Directions: Could you output each line below exactly as it appears, excluding any pictures?

Information provided:
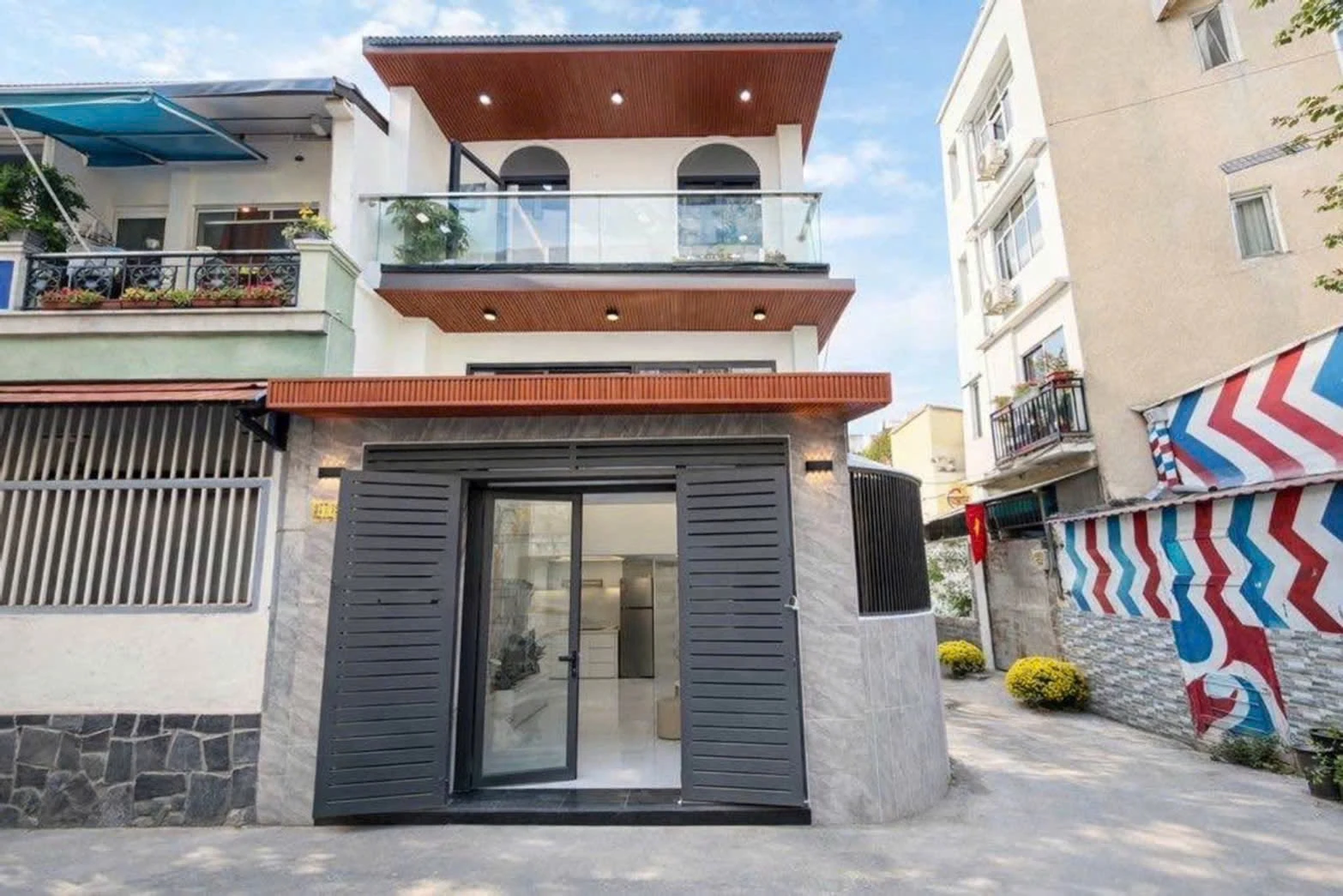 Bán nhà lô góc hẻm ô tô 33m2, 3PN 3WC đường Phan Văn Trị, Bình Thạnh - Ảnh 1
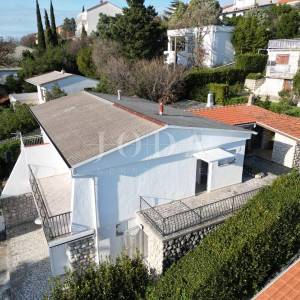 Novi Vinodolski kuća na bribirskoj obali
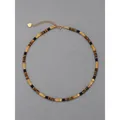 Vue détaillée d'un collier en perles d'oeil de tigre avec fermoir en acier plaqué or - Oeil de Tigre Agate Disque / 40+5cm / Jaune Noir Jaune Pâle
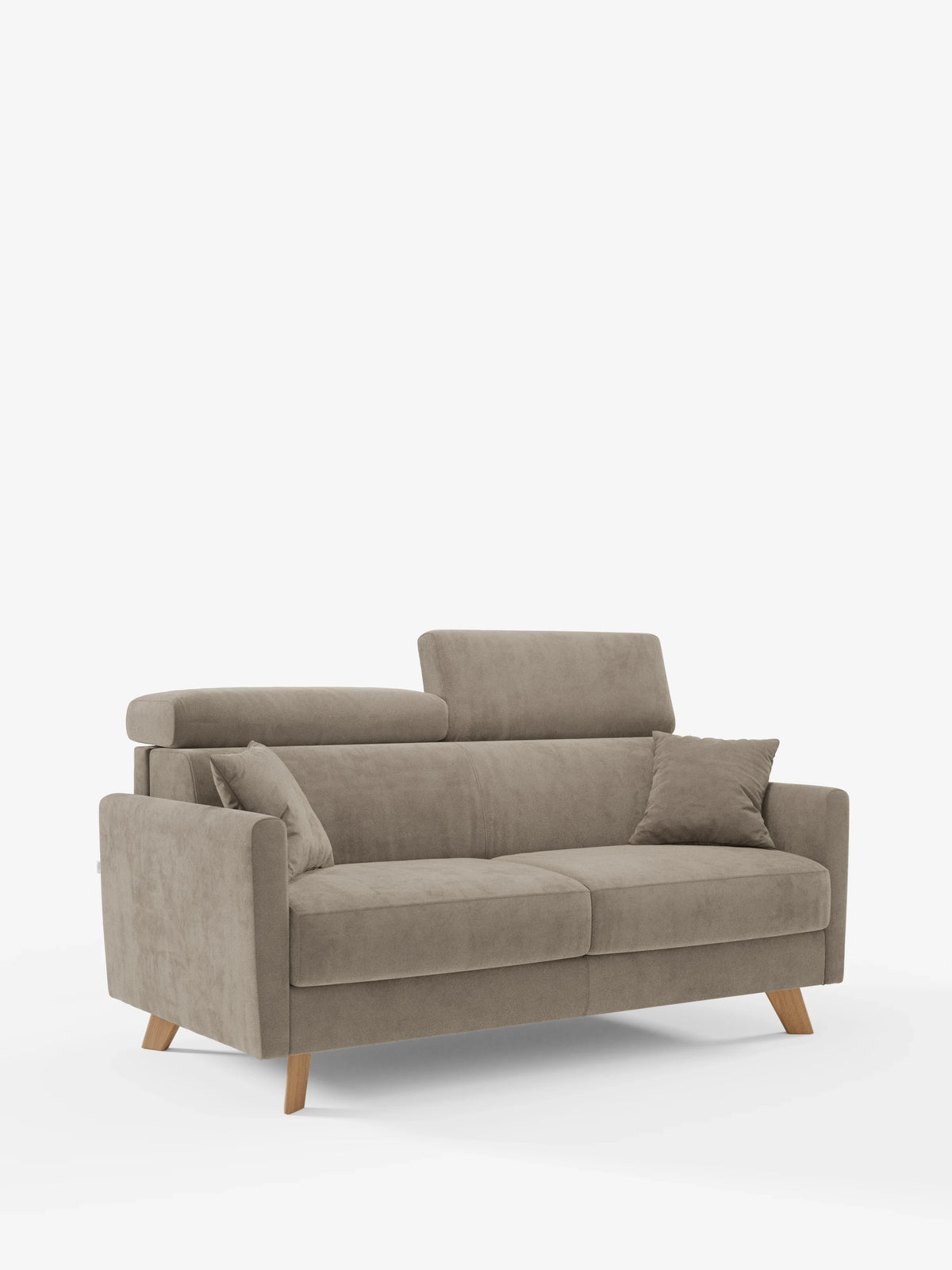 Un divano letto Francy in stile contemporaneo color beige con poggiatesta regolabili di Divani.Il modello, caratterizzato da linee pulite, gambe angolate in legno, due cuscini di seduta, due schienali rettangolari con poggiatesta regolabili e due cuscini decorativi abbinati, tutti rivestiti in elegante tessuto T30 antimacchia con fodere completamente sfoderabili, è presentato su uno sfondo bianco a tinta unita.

Written solution:
 Bán nhà lô góc hẻm ô tô 33m2, 3PN 3WC đường Phan Văn Trị, Bình Thạnh - Ảnh 1
 Novi Vinodolski kuća na bribirskoj obali
 Vue détaillée d'un collier en perles d'oeil de tigre avec fermoir en acier plaqué or - Oeil de Tigre Agate Disque / 40+5cm / Jaune Noir Jaune Pâle
 Un divano letto Francy in stile contemporaneo color beige con poggiatesta regolabili di Divani.Il modello, caratterizzato da linee pulite, gambe angolate in legno, due cuscini di seduta, due schienali rettangolari con poggiatesta regolabili e due cuscini decorativi abbinati, tutti rivestiti in elegante tessuto T30 antimacchia con fodere completamente sfoderabili, è presentato su uno sfondo bianco a tinta unita.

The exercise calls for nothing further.